The man responsible for this extraordinary building was George, Prince of Wales. He was born in 1762, the oldest son of George III, the so-called “mad” king. He was made Prince Regent in 1811 to carry out royal functions after his father became too ill to perform them himself. On his father’s death in 1820 he was crowned King George IV.

George’s relationship with his father was not a happy one, and as a young man he frequently visited the fashionable seaside resort at Brighton, partly to escape his father’s scrutiny, partly to enjoy its sea air and sea water cures, and partly to enjoy the company of his two pleasure-loving uncles, the Dukes of Cumberland and Gloucester.

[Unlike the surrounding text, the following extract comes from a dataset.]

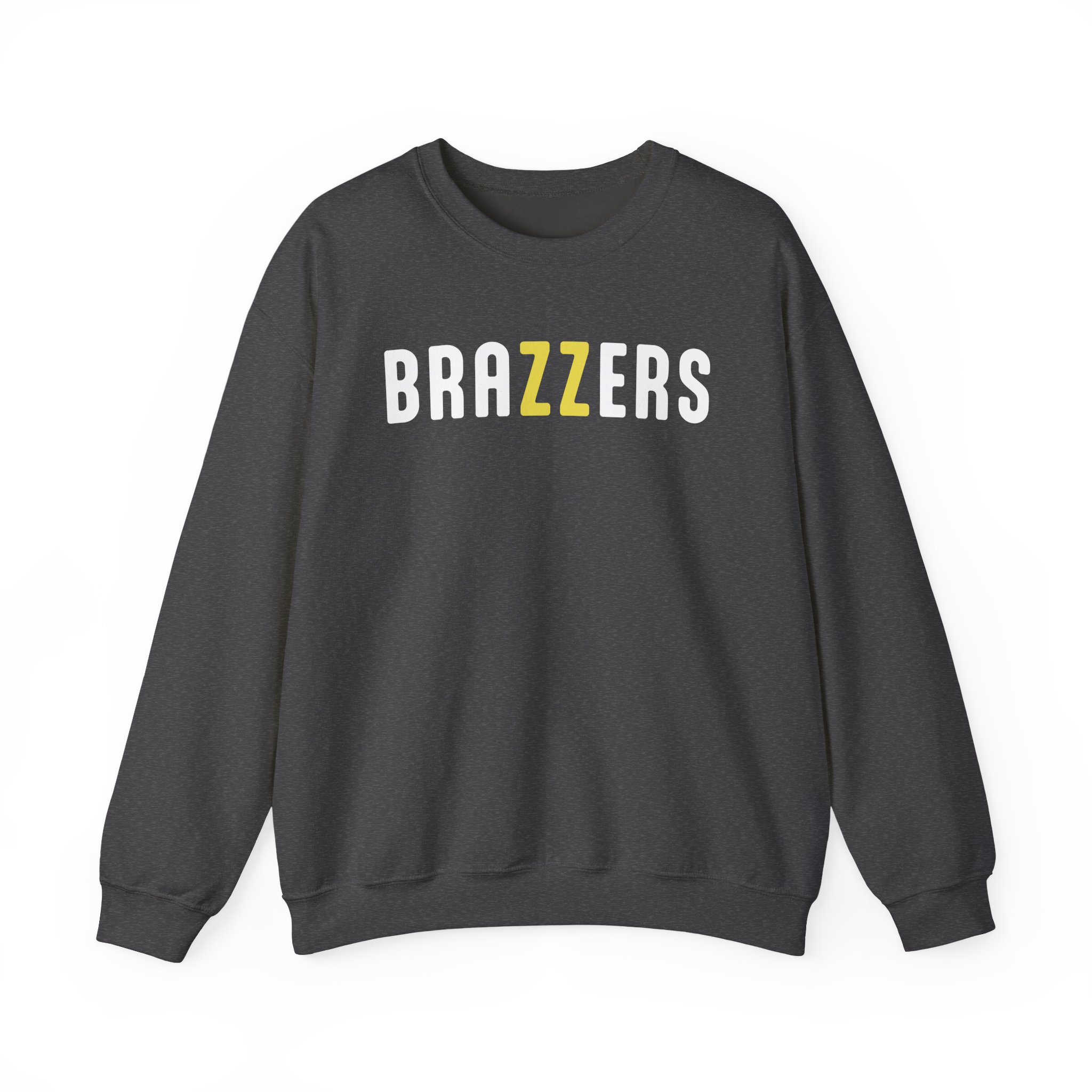 El Mariana Brazzers Unisex Heavy Blendâ„¢ Crewneck Sweatshirt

The Pavilion is full of Chinese-inspired decoration known by the French word chinoiserie, which was very popular in England in the 18th century. The Pavilion was the first building in Britain where Chinese-inspired decoration is used throughout, rather than in just one or two rooms. George perhaps liked to see himself as a Chinese emperor, and this was part of his court, complete with courtiers in the form of the small Chinese figures with nodding heads. Or perhaps it was partly to annoy his conservative father.

Chinese nodding figures

There is nothing quite as intriguing as the Chinese nodding figures in the Long Gallery. Made in about 1805 to 1810 in Canton for export to the West, they’re constructed of bamboo, paper and unfired clay, which was then painted with water- soluble paint. They can represent mandarins, court officials, jesters or traders. George had no fewer than 39 nodding figures and they were treated more as amusements than as works of art. The Royal Pavilion has one of the largest collection of these figures anywhere, many generously lent by HM the Queen.